MATERIALS PROVIDED below:
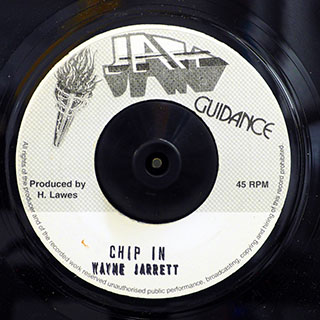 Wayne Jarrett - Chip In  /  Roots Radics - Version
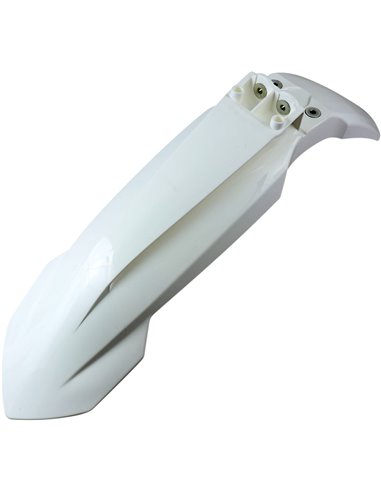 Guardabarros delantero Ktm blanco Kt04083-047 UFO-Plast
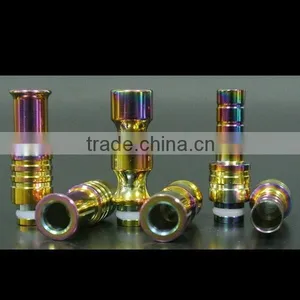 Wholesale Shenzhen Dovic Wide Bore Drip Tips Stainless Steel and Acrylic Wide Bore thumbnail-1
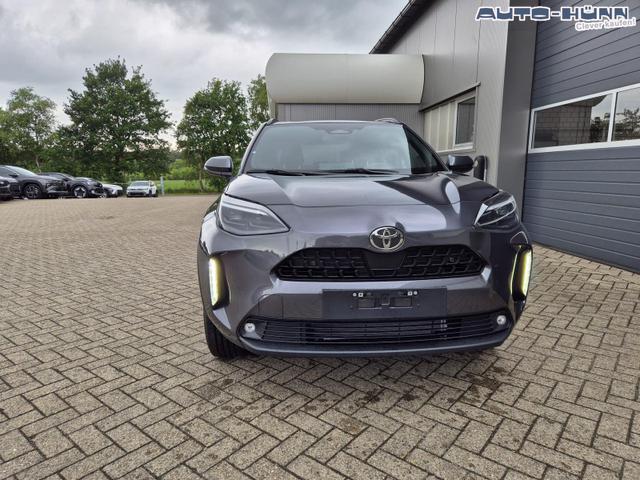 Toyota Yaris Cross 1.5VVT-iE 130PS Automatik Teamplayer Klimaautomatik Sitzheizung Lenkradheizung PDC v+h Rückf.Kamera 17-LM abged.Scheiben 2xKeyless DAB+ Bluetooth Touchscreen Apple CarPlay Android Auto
End of MATERIALS PROVIDED.
MATERIALS PROVIDED below:
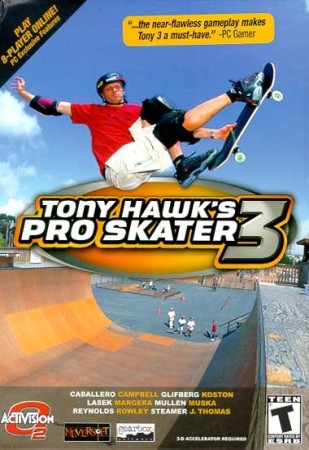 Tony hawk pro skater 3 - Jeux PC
End of MATERIALS PROVIDED.
● WHAT TO DO:
Above is the material; set down exactly its lines from the one containing "Guardabarros delantero Ktm" down to the one containing "Toyota Yaris Cross", both included, leaving out any pictures.

● OUTPUT OF THE TASK:
 Guardabarros delantero Ktm blanco Kt04083-047 UFO-Plast
 Wholesale Shenzhen Dovic Wide Bore Drip Tips Stainless Steel and Acrylic Wide Bore thumbnail-1
 Toyota Yaris Cross 1.5VVT-iE 130PS Automatik Teamplayer Klimaautomatik Sitzheizung Lenkradheizung PDC v+h Rückf.Kamera 17-LM abged.Scheiben 2xKeyless DAB+ Bluetooth Touchscreen Apple CarPlay Android Auto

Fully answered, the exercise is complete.